New Brunswick has released a new royalty plan for natural gas that the province's Energy Minister says will encourage exploration and give the province a greater share of profits.

But industry opponents say they fear the government is forging ahead without listening to their concerns, particularly over shale gas development.

Craig Leonard said it was necessary to come up with a new royalty regime.

"We needed to get the regime in place so industry could see what it would be costing for the resource in New Brunswick so they can base their investment decisions on that," Leonard said in an interview Monday.

Under the new plan, companies will pay a 4 per cent royalty based on the wellhead cost until a company pays off its capital costs and starts making a profit. At that point, the royalty jumps to 25 per cent of the well's profits.

Leonard said the previous royalty structure, whereby the province received up to 10 per cent of the costs of a wellhead, was not good enough for the industry or the government.

"This new model corrects that by providing an upfront royalty rate at the early stages that is relatively low and competitive with other jurisdictions, but when the project hits its stride, the profits will share quite extensively," he said.

"We have to strike a balance between encouraging investment and making sure that New Brunswickers receive the most possible from our resources."

Terry Wishart of the Fredericton chapter of the Council of Canadians said the release of the royalty regime is discouraging.

"Obviously it is a sign they are intending to move forward," Wishart said.

"That's not going to be a reality for them because we plan to stop the industry from taking root here."

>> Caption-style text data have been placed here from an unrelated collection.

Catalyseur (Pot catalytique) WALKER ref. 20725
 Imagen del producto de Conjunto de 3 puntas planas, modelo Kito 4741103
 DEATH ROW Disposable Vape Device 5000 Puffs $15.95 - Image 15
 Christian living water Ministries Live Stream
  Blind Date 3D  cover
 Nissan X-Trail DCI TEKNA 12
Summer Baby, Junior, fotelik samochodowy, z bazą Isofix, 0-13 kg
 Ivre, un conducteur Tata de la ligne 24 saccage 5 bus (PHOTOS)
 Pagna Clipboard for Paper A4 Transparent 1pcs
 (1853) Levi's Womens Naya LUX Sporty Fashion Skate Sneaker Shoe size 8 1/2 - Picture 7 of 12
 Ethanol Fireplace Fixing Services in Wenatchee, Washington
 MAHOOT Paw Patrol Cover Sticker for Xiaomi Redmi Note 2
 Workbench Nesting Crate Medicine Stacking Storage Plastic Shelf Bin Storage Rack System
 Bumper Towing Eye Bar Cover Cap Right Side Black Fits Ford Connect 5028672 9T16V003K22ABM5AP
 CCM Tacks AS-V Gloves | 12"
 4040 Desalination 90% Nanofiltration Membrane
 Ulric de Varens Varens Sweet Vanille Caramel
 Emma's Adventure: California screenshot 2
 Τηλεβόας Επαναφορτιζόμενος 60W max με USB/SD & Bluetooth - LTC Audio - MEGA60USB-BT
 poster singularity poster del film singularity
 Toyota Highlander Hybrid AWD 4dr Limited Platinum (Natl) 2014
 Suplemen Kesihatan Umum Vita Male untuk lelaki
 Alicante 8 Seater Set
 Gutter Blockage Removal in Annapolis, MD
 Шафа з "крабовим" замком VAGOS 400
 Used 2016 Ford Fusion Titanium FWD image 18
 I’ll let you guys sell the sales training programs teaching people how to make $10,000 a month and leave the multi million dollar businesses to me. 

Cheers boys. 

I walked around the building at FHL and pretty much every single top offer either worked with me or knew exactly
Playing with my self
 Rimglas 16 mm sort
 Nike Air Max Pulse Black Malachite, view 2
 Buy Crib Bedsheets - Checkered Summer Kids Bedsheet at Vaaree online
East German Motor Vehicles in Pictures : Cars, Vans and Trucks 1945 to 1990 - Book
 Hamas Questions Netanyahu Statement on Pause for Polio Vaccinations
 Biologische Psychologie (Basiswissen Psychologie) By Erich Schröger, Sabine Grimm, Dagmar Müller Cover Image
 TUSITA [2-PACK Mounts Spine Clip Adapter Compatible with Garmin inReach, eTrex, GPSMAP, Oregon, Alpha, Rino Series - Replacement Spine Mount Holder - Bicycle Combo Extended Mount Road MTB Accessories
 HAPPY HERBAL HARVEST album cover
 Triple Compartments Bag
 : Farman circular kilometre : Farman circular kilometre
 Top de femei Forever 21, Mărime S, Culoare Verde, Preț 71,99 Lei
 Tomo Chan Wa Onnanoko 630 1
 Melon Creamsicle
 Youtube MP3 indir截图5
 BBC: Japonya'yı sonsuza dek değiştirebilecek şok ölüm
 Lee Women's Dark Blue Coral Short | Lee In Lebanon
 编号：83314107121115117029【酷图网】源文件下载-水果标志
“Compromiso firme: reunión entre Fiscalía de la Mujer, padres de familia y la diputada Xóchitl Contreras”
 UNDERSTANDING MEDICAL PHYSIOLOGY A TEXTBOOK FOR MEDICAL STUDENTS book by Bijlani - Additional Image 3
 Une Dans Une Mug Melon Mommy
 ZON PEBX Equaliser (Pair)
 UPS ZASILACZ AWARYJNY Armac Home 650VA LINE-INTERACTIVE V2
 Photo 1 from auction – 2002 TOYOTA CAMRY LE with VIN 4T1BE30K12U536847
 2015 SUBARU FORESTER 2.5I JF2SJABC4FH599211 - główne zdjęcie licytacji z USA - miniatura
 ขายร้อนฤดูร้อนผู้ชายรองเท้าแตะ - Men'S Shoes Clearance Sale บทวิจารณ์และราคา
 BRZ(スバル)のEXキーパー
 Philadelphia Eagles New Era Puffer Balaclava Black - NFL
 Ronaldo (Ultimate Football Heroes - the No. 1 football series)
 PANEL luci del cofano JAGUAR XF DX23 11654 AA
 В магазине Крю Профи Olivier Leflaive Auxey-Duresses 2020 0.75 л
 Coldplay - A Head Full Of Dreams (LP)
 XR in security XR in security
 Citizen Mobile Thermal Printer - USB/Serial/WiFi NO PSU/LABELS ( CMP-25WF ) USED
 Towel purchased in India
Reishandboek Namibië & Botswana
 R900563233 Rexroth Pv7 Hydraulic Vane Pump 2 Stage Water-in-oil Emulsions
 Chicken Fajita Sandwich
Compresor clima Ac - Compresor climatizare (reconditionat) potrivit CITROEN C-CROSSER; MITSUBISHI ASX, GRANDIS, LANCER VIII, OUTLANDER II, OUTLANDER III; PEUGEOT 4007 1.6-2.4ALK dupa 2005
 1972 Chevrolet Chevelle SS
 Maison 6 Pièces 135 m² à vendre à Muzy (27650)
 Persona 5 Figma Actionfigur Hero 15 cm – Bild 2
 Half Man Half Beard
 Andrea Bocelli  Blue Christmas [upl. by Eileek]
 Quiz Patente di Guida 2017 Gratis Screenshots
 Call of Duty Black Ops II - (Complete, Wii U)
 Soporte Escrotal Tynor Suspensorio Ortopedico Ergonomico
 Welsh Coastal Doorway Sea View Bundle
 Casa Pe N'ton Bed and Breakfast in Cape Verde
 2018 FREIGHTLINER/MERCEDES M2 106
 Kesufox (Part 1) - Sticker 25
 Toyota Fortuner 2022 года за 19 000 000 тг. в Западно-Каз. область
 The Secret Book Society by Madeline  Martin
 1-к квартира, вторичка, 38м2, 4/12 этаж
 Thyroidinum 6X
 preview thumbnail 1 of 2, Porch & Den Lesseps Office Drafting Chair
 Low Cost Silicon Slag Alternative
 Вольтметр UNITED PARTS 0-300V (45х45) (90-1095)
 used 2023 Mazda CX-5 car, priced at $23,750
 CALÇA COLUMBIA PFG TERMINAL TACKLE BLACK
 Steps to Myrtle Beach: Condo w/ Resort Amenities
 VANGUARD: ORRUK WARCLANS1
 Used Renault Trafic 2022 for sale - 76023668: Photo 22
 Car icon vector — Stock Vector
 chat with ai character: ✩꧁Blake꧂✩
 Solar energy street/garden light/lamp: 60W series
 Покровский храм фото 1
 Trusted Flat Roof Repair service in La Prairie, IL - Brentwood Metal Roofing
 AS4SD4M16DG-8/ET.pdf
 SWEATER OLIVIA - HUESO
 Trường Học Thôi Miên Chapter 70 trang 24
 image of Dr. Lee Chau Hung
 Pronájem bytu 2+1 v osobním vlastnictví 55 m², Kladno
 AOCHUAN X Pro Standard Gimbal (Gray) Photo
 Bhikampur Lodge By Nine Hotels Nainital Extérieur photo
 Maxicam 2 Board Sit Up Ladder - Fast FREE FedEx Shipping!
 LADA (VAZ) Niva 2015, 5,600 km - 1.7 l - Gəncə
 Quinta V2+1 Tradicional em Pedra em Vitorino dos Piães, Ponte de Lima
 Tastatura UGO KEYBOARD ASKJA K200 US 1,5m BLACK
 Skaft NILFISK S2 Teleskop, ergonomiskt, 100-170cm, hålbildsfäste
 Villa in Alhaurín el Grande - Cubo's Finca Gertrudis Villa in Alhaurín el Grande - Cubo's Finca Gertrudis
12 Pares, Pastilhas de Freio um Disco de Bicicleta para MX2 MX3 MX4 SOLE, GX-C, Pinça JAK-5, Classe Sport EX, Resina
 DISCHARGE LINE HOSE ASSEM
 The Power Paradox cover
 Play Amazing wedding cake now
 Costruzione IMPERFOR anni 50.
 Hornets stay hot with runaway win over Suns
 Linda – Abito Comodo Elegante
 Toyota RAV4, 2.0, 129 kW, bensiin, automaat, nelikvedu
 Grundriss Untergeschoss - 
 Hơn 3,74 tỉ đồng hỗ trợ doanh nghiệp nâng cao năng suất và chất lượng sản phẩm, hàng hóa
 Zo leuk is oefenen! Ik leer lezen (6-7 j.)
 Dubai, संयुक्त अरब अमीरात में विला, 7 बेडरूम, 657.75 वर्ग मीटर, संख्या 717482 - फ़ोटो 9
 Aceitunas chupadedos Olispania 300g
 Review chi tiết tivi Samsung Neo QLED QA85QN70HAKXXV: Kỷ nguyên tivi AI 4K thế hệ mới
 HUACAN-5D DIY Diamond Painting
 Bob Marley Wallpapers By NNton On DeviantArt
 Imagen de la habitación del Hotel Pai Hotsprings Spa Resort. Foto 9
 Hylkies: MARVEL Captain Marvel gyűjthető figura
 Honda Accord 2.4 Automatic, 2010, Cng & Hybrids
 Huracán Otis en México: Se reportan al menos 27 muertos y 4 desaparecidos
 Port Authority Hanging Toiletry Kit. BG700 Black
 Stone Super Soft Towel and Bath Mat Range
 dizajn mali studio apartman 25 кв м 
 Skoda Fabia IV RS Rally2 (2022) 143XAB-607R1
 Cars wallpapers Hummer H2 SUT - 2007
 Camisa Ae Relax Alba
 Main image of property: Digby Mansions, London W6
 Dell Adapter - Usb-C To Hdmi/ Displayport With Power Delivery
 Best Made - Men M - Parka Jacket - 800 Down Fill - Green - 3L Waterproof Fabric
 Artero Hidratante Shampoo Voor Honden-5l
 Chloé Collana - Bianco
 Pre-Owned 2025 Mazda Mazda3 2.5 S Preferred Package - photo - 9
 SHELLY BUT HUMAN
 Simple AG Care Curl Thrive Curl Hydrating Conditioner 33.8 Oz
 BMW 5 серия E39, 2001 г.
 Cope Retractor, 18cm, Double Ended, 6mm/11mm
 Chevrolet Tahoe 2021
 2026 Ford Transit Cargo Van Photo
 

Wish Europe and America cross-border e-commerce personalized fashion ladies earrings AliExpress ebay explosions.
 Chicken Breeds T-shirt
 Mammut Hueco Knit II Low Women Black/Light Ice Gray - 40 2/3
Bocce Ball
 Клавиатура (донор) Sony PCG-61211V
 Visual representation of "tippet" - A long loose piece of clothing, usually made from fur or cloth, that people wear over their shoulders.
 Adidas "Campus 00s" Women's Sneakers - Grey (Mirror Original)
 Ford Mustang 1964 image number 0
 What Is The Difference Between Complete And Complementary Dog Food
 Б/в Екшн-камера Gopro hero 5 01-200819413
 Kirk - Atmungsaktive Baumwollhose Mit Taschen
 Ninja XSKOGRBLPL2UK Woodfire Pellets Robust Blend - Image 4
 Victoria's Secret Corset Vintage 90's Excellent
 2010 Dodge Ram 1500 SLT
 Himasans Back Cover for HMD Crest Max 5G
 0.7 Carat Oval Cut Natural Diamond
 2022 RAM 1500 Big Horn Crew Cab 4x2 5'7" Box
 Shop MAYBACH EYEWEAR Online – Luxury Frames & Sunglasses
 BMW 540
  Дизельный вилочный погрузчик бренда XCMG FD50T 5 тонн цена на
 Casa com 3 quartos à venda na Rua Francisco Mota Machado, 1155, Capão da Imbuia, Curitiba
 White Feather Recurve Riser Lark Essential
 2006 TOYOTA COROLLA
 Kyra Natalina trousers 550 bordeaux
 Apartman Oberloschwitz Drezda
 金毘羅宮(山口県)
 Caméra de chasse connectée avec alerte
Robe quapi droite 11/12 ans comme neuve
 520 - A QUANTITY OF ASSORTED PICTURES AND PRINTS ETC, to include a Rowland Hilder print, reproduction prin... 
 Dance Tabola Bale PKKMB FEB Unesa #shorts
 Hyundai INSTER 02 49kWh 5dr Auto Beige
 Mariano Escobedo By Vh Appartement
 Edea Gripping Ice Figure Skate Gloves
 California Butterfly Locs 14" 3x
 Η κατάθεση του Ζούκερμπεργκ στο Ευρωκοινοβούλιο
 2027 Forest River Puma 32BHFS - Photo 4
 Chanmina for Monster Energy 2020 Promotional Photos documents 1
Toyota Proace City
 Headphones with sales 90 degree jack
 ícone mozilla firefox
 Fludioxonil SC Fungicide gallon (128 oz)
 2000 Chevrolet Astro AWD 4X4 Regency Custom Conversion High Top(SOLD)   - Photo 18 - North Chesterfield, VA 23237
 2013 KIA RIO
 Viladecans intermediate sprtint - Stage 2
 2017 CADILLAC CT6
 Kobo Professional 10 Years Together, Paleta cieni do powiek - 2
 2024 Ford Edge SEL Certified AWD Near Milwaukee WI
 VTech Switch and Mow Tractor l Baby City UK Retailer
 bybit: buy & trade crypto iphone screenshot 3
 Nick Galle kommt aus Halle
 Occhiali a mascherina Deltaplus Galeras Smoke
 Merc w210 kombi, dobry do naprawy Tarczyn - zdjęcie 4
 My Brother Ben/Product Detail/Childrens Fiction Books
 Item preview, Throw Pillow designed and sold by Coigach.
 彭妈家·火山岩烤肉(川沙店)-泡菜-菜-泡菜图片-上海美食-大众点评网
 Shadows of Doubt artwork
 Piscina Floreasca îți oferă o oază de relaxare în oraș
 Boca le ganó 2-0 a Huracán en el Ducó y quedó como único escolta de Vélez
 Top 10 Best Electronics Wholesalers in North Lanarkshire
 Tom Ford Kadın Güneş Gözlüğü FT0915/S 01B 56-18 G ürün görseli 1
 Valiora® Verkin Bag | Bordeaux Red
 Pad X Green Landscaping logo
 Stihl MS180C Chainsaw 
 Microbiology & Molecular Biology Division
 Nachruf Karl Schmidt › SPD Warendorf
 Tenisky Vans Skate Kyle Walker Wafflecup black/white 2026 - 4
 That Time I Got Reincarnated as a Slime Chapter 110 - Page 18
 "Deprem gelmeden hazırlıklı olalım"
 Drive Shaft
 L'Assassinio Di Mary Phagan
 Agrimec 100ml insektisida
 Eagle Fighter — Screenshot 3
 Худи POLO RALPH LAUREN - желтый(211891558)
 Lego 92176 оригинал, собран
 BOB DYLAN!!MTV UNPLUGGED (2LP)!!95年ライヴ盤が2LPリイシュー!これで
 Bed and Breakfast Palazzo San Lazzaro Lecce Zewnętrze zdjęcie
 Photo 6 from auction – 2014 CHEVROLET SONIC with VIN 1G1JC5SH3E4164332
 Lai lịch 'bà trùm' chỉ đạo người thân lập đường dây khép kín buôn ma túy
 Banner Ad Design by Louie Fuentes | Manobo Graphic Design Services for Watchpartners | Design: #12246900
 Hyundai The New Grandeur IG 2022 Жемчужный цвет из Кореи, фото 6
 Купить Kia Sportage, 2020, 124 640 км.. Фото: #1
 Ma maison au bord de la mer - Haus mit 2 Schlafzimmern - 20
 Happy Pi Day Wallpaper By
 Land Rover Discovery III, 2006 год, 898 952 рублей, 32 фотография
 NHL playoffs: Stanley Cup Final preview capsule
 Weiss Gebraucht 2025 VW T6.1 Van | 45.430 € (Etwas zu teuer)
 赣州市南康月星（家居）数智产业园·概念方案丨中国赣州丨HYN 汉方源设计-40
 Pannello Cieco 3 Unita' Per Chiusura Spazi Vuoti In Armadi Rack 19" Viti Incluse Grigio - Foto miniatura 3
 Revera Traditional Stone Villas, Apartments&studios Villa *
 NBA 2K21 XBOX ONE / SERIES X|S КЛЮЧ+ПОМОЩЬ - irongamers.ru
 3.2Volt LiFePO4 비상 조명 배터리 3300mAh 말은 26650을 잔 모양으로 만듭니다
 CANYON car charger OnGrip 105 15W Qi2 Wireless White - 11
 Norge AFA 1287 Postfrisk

He said the government needs to take a lesson from Newfoundland, where the government announced Monday it is imposing a moratorium on hydraulic fracturing, or fracking. The process involves injecting water and chemicals into a well to fracture layers of shale rock to release trapped pockets of natural gas.

But Wishart says his group wants an outright ban on shale gas development because of environmental concerns.

Wishart and other opponents plan to demonstrate in Fredericton on Tuesday as a new session of the provincial legislature opens.

Leonard said the province will now begin work on a revenue-sharing formula to determine how much of the 25 per cent royalty fee will go to landowners and First Nations.

A spokesman for Leonard said the new royalty plan is expected to take effect in the next few months.